PapeRman #3
The Evolved Transformer
Authors: David R. So, Chen Liang, Quoc V. Le
Institute: Google Brain
Recent works have highlighted the strengths of the Transformer architecture for dealing with sequence tasks. At the same time, neural architecture search has advanced to the point where it can outperform human-designed models. The goal of this work is to use architecture search to find a better Transformer architecture. We first construct a large search space inspired by the recent advances in feed-forward sequential models and then run evolutionary architecture search, seeding our initial population with the Transformer. To effectively run this search on the computationally expensive WMT 2014 English-German translation task, we develop the progressive dynamic hurdles method, which allows us to dynamically allocate more resources to more promising candidate models. The architecture found in our experiments - the Evolved Transformer - demonstrates consistent improvement over the Transformer on four well-established language tasks: WMT 2014 English-German, WMT 2014 English-French, WMT 2014 English-Czech and LM1B. At big model size, the Evolved Transformer is twice as efficient as the Transformer in FLOPS without loss in quality. At a much smaller - mobile-friendly - model size of ~7M parameters, the Evolved Transformer outperforms the Transformer by 0.7 BLEU on WMT'14 English-German.

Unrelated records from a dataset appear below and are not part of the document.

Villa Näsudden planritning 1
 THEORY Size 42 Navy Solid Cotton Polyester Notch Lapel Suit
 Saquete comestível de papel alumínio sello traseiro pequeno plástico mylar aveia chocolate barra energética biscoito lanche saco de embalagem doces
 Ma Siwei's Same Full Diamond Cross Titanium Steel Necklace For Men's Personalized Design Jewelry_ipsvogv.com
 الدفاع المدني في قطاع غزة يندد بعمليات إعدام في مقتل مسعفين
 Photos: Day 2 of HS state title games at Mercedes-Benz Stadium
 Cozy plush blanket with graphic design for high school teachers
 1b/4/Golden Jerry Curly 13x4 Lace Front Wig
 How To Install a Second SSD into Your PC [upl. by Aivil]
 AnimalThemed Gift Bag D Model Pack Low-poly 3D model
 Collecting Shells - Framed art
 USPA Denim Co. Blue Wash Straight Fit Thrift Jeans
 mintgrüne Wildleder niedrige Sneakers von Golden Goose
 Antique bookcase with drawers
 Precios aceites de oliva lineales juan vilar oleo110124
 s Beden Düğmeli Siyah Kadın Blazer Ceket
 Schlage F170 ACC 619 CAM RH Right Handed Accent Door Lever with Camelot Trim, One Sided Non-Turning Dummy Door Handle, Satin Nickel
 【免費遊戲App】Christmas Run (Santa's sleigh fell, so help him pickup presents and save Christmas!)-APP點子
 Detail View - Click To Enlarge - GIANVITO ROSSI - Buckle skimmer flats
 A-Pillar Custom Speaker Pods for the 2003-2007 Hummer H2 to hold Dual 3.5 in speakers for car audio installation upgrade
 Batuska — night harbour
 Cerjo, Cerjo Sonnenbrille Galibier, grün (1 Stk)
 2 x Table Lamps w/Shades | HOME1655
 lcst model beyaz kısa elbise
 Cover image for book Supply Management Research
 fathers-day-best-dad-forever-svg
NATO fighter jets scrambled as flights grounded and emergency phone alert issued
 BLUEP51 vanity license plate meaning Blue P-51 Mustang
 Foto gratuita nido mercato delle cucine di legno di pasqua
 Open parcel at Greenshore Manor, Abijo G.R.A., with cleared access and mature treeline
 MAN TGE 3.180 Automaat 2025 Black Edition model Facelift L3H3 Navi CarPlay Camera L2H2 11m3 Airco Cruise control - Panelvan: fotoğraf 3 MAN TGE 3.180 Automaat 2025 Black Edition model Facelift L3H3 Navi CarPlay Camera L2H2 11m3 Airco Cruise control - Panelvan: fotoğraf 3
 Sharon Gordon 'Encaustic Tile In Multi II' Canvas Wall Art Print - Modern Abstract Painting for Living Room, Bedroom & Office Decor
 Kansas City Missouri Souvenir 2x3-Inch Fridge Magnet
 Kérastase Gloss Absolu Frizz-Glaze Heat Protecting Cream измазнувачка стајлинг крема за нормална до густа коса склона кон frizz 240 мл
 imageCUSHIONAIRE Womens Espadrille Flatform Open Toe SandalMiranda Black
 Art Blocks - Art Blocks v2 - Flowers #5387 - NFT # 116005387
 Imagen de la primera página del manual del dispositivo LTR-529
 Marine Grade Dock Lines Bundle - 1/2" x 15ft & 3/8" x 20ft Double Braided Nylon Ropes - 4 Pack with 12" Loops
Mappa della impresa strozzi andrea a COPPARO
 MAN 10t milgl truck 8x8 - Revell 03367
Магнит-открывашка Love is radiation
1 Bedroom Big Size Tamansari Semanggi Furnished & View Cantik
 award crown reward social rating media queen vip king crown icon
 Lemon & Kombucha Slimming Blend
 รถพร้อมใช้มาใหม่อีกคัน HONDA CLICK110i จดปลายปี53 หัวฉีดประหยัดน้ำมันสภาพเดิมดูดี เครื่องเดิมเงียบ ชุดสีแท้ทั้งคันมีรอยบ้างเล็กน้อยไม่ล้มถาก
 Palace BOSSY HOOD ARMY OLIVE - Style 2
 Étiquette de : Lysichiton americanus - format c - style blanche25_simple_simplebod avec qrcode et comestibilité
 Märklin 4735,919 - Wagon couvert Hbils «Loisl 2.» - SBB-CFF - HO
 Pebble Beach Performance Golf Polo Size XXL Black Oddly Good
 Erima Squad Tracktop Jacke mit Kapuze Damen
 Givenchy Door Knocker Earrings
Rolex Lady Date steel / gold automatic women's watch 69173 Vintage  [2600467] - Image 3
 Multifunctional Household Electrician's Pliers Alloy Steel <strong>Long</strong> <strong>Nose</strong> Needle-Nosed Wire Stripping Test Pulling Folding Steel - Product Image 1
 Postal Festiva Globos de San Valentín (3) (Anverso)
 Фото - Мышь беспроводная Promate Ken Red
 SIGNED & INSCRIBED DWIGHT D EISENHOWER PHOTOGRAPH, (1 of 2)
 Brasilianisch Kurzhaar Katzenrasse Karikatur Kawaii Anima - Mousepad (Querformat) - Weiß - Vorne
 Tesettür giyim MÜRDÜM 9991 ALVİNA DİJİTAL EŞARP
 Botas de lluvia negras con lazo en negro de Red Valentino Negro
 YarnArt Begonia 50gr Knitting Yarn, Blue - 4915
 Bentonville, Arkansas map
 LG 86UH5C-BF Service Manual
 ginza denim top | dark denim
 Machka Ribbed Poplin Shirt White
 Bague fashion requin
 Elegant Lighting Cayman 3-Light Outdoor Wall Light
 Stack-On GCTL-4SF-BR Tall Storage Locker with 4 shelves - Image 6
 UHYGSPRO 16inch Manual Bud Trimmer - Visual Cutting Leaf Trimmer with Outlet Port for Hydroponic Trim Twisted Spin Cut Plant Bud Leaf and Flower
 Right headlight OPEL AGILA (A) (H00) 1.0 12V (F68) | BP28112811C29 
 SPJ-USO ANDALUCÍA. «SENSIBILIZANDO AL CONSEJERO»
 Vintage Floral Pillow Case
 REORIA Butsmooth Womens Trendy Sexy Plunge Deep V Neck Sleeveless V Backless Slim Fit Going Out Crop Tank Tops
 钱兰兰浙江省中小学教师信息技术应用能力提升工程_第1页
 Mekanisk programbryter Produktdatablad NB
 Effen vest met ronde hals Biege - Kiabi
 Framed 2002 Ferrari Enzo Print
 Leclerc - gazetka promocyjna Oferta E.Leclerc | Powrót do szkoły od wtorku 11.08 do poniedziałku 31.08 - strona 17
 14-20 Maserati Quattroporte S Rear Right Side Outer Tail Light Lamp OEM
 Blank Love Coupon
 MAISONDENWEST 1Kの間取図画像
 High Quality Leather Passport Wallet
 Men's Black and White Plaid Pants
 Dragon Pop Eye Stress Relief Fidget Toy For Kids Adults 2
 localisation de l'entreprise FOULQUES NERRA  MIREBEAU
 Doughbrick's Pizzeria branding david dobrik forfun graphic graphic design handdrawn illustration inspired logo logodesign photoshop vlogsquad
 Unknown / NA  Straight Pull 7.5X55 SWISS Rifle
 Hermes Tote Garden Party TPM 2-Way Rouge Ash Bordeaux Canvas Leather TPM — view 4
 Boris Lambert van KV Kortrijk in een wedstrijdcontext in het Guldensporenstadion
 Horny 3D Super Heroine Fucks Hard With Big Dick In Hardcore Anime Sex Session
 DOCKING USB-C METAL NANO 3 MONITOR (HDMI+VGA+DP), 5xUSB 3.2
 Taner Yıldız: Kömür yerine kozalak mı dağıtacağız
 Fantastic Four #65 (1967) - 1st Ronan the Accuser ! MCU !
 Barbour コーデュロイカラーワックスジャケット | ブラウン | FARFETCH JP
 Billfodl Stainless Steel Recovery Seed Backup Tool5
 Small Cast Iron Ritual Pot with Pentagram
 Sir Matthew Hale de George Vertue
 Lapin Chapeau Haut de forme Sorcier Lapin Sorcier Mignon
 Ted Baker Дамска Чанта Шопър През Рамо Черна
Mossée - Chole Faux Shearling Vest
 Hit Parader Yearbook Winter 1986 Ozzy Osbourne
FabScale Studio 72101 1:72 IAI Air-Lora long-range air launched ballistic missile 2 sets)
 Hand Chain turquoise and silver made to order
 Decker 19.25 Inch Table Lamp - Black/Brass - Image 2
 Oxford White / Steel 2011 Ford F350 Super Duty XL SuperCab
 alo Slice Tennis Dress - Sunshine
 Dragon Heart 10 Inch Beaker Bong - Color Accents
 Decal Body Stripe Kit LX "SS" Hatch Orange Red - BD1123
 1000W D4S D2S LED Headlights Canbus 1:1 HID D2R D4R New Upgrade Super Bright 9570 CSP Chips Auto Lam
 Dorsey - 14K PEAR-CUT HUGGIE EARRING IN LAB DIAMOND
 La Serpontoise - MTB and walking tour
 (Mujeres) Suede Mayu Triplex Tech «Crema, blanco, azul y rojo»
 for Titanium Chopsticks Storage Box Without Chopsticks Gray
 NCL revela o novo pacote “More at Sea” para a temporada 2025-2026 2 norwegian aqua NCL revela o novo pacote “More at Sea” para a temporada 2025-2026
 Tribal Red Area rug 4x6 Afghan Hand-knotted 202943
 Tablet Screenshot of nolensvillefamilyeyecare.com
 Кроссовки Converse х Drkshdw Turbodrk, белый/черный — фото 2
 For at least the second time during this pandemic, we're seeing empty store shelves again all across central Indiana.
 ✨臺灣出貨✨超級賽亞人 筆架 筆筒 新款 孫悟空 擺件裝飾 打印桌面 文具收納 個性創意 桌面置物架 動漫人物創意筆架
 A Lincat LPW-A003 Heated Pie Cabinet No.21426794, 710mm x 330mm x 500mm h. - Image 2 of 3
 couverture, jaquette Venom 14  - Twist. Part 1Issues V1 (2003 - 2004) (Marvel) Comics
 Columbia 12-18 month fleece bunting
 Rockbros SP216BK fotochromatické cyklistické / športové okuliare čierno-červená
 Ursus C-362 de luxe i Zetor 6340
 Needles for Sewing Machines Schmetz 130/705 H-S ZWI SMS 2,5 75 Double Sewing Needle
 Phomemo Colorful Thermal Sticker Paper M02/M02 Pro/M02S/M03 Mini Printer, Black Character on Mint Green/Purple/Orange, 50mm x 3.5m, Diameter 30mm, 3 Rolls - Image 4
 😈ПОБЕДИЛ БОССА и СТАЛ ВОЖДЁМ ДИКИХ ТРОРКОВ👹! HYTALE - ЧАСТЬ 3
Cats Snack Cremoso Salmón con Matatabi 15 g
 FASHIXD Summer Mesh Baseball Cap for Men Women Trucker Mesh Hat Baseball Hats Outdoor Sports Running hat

最近的工作突出了变换器(Transformer)架构处理序列任务的优势。与此同时,神经架构搜索已经发展到可以超越人类设计模型的程度。这项工作的目标是使用架构搜索来找到更好的变换器架构。我们首先构建了一个大型搜索空间,其灵感来自前馈顺序模型的最新进展,然后运行进化架构搜索,用变换器为我们的初始种群播种。为了在计算成本高昂的 WMT 2014 英德翻译任务中有效地运行此搜索,我们开发了渐进式动态障碍方法,该方法允许我们为更有希望的候选模型动态分配更多资源。在我们的实验中发现的架构 - 演化变换器 - 在四个完善的语言任务中表现出对变换器的持续改进:WMT 2014 英语 - 德语,WMT 2014 英语 - 法语,WMT 2014 英语 - 捷克语和 LM1B。在大型模型中,演化变换器的效率是 FLOPS 中变压器的两倍,而不会降低质量。在一个小得多的 - 适合移动设备 - 模型尺寸为~7M参数的情况下,进化变换器在 WMT'14 英语 - 德语上的表现优于变换器 0.7 BLEU。